Est-ce en raison des récentes prises de conscience des ravages provoqués par l’échec scolaire ? Depuis quelques mois, on évalue beaucoup au sein de l’Education Nationale. C’est ainsi que les Groupements d’Aide Psycho-Pédagogique et les Zones d’Education Prioritaires font déjà l’objet d’une évaluation. Dans le contexte de la mise en œuvre des nouveaux programmes et instructions de l’école et parce que la classe de CE2 est considérée comme une classe charnière dans la constitution des savoirs et compétences des enfants, on souhaite pouvoir faire le point sur leurs acquis.

D’ordinaire, les enfants le plus pauvres sont très vite repérés et orientés vers l’Enseignement spécial. Comment aujourd’hui, la mise en place d’un dispositif d’évaluation pourrait-il changer cet état d’esprit et favoriser ces enfants ?

Contrairement à ce que la rumeur voudrait laisser croire, il n’est nullement question d’un examen qui pourrait donner lieu à une notation ou un classement. Les objectifs mentionnés dans la note de service (86-262) du 16 septembre 1986 précisent bien qu’il s’agit :

- de faire le point sur les acquisitions des enfants,

- de réajuster sa pratique pédagogique en fonction des résultats obtenus,

- d’adapter aux élèves les enseignements dispensés.

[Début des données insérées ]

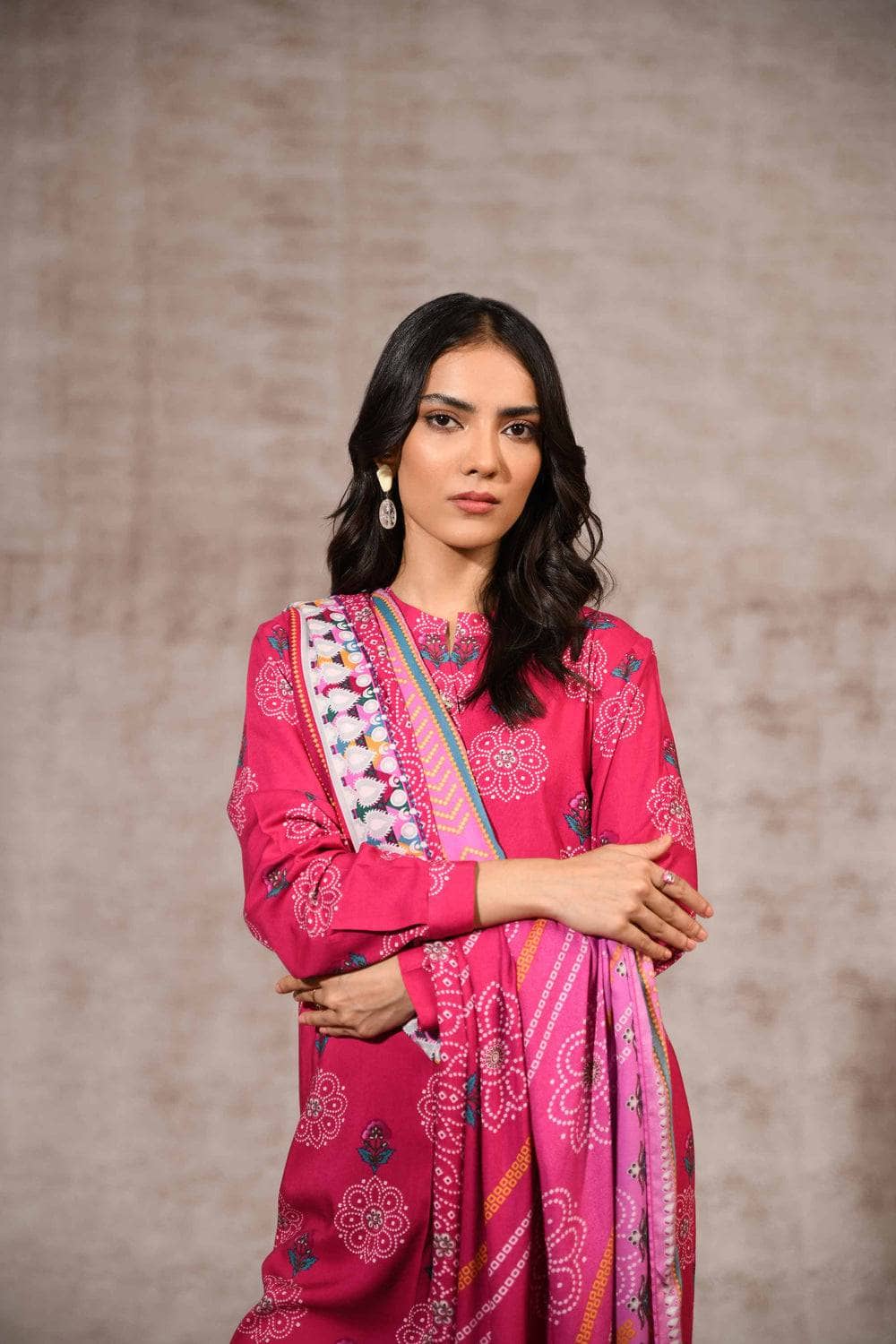 img_nishat_linen_awwal_boutique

« Le projet n’est donc pas d’instituer un examen. Il est de recueillir les informations qui permettent d’organiser les apprentissages. » De fait, une évaluation ne peut être réellement utile que si le constat auquel elle conduit est courageusement analysé, la démarche pédagogique soigneusement repensée. Dans cette perspective (toujours dans les textes), une formation des enseignants et leur entraînement à cette démarche d’évaluation sont prévus. Un travail en équipe des maîtres est également suggéré.

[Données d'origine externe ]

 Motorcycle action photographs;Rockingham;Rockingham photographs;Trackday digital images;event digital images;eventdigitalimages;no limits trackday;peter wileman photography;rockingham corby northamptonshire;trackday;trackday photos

Il serait donc question d’évaluer pour construire une pratique pédagogique plus adaptée aux enfants qui rencontrent des difficultés pour apprendre. L’évaluation serait donc pensée comme outil pour faire progresser les élèves. Evaluer pour aider : les acteurs concernés étant aussi bien les élèves que les maîtres.

Mais au fait, les enfants de la grande pauvreté vont-ils mériter cette évaluation ? Si une évaluation constructive est celle qui mobilise les ressources et la conscience de tous, en conduisant chaque élève à sa propre auto-évaluation, sommes-nous certains que ce dispositif va conduire les enseignants à mieux comprendre les plus pauvres et à découvrir leur désir d’apprendre ? Susciter un réajustement des pratiques pédagogiques ne doit-il pas s’articuler avec une compréhension  approfondie des différents problèmes vécus par les enfants ?

Il en est de même vis-à-vis des parents d’élèves. De tels moments d’évaluation devraient aussi être l’occasion pour leurs associations de s’interroger sur le soutien réel qu’elles accordent ou non aux parents qui ont le plus de mal à entrer en lien avec l’école.

En fait il semble que la plupart des enseignants vivent la mise en place de cette évaluation comme un devoir imposé et non comme une responsabilité. Une fois de plus la réalité révèle une immense distorsion entre la théorie et la pratique, entre les belles idées qu’on demande aux enseignants et le peu de moyens qu’on leur donne pour les trouver.

Certes, il est un peu tôt pour évaluer ce dispositif ; mais qu’il nous soit permis de redire simplement que nous ne mesurerons l’efficacité de cette nécessaire évaluation des acquis, qu’au progrès réel qu’elle aura permis pour les enfants les plus pauvres.